Give back the records that follow exactly, images excluded.

(RECORDS FOR THE EXERCISE)

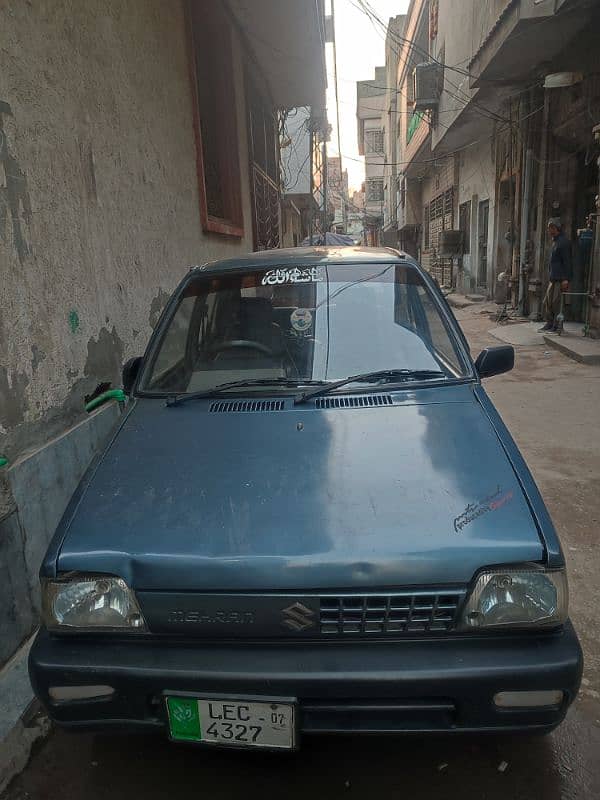 Suzuki Mehran VX 2007 3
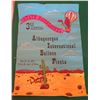 Image 1 : Albuquerque International Balloon Fiesta Poster 1974 Warner Brothers 23"x34"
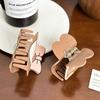 Cute Versatile Bear And Rabbit Acrylic Printed Cartoon Hair Clips For Girls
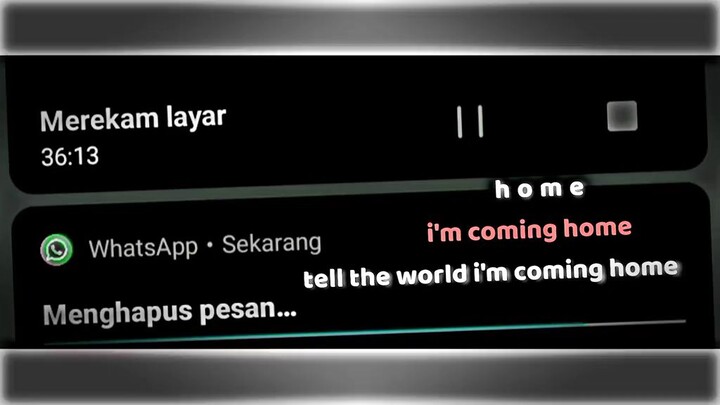 Episode 1: belajar menerima keadaan◠‿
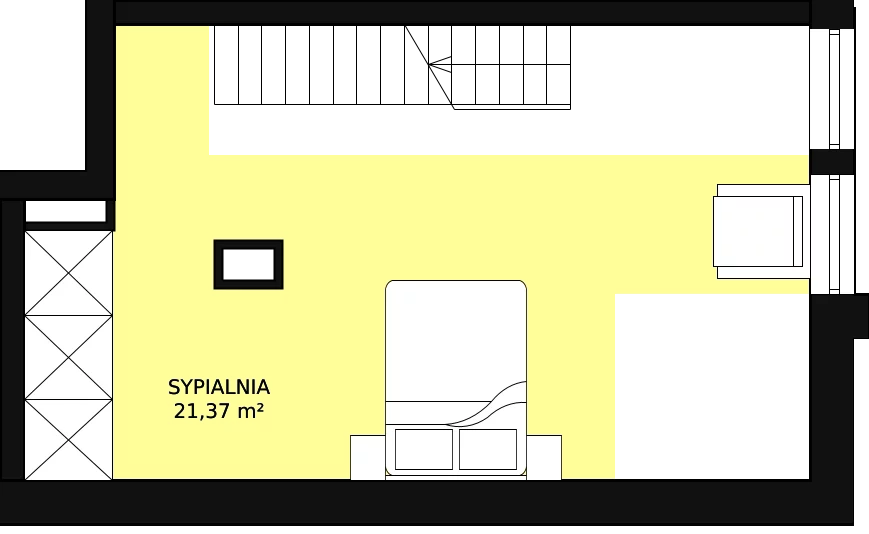 1 pokój, apartament inwestycyjny 51,39 m², piętro 3, oferta nr A.3.39, Morzlive, Ustronie Morskie, ul. Graniczna 4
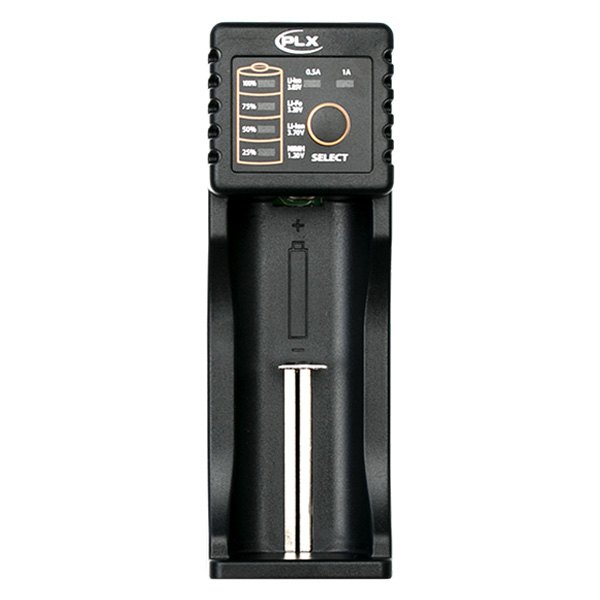 PLX Devices® - Luxor Mini™ 18650 1-Bay Battery Charger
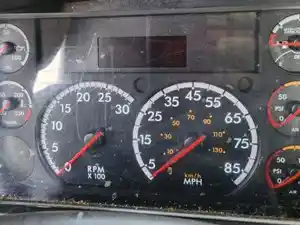 Used 2016 Freightliner M2 112 Medium Duty Instrument Cluster (Stock #P-87115)) Part Image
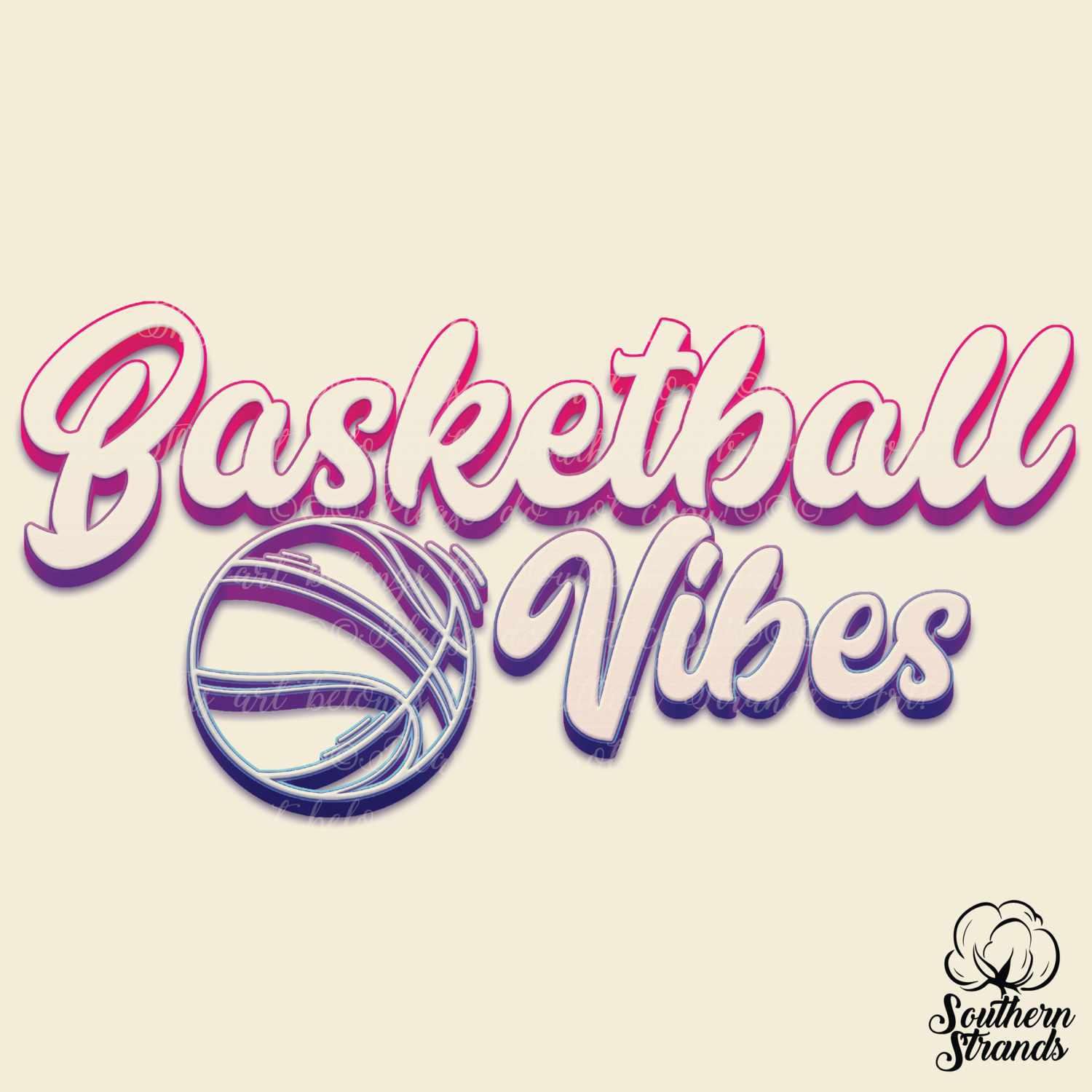 Sports Vibes - Basketball | DIGITAL DESIGN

(End RECORDS FOR THE EXERCISE)

*SOLUTION FOR THIS PROBLEM*
 Suzuki Mehran VX 2007 3
 Image 1 : Albuquerque International Balloon Fiesta Poster 1974 Warner Brothers 23"x34"
 Cute Versatile Bear And Rabbit Acrylic Printed Cartoon Hair Clips For Girls
 Episode 1: belajar menerima keadaan◠‿
 1 pokój, apartament inwestycyjny 51,39 m², piętro 3, oferta nr A.3.39, Morzlive, Ustronie Morskie, ul. Graniczna 4
 PLX Devices® - Luxor Mini™ 18650 1-Bay Battery Charger
 Used 2016 Freightliner M2 112 Medium Duty Instrument Cluster (Stock #P-87115)) Part Image
 Sports Vibes - Basketball | DIGITAL DESIGN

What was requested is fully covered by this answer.